Et des paroles d'écrivains, de collectionneurs, d'artistes, comme Miquel Barcelo : "Mes crânes sont des planètes qui ont beaucoup roulé leur bosse. Mais j'y vois aussi des pelotes de laine, la pelote du destin qui se termine abruptement. Le crâne dans mes tableaux s'apparente aussi à une coquille vide, une orange pelée, une grenade explosée, une conque, un objet dé-hiérarchisé, démocratique." Ou Pierre Skira, peintre et historien d'art : "Je peins des instruments de musique, des livres, des crânes. Si j'ai un souci d'exécution ou de composition, j'introduis un crâne et les choses trouvent miraculeusement leur centre de gravité."




En ce Jour des Morts, on pourra aussi rendre visite au ravissant petit cimetière de Chartrier-Ferrière, en basse Corrèze, à la limite des régions Limousin, Aquitaine et Midi-pyrénées.





Enfin, comme la campagne est magnifique en ce moment (pluie ou pas), aujourd'hui une promenade par les chemins creux s'impose.
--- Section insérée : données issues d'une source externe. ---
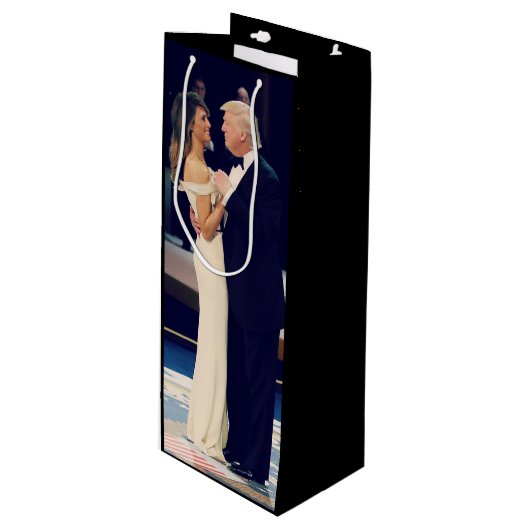 Keep America Great Trump 2020 Wijn Cadeautas (Voorkant Gekanteld)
Ci-dessous une photo de l'un de mes préférés, tout près de Chartrier-ferrière.




Voilà, Memento Mori, mais fions-nous aussi à l'Ecclésiaste (VIII,15) : "Et j'ai loué la joie, car il n'y a rien de bon pour l'homme sous le soleil, si ce n'est de manger, de boire et de se réjouir, et cela l'accompagne dans son travail durant les jours de sa vie que Dieu lui a donnés sous le soleil."